(Crawled caption data)
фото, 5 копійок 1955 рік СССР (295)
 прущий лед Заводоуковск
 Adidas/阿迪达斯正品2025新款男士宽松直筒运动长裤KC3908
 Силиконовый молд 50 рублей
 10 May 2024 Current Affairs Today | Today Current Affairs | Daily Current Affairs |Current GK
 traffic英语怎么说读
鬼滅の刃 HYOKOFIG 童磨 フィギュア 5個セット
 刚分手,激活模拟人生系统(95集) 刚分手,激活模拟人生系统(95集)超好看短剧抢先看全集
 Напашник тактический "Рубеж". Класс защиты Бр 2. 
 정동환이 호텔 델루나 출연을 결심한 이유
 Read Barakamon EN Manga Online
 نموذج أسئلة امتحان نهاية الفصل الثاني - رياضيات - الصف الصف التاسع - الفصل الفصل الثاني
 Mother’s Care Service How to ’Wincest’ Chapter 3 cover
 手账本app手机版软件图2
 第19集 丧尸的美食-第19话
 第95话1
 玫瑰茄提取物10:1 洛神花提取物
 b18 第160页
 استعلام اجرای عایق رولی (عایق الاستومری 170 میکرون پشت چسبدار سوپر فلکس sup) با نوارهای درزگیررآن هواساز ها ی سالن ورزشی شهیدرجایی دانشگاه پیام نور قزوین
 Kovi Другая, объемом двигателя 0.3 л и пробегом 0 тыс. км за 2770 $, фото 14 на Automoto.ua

» Problem details
Retype every record without alteration.

» Completed task
фото, 5 копійок 1955 рік СССР (295)
 прущий лед Заводоуковск
 Adidas/阿迪达斯正品2025新款男士宽松直筒运动长裤KC3908
 Силиконовый молд 50 рублей
 10 May 2024 Current Affairs Today | Today Current Affairs | Daily Current Affairs |Current GK
 traffic英语怎么说读
鬼滅の刃 HYOKOFIG 童磨 フィギュア 5個セット
 刚分手,激活模拟人生系统(95集) 刚分手,激活模拟人生系统(95集)超好看短剧抢先看全集
 Напашник тактический "Рубеж". Класс защиты Бр 2. 
 정동환이 호텔 델루나 출연을 결심한 이유
 Read Barakamon EN Manga Online
 نموذج أسئلة امتحان نهاية الفصل الثاني - رياضيات - الصف الصف التاسع - الفصل الفصل الثاني
 Mother’s Care Service How to ’Wincest’ Chapter 3 cover
 手账本app手机版软件图2
 第19集 丧尸的美食-第19话
 第95话1
 玫瑰茄提取物10:1 洛神花提取物
 b18 第160页
 استعلام اجرای عایق رولی (عایق الاستومری 170 میکرون پشت چسبدار سوپر فلکس sup) با نوارهای درزگیررآن هواساز ها ی سالن ورزشی شهیدرجایی دانشگاه پیام نور قزوین
 Kovi Другая, объемом двигателя 0.3 л и пробегом 0 тыс. км за 2770 $, фото 14 на Automoto.ua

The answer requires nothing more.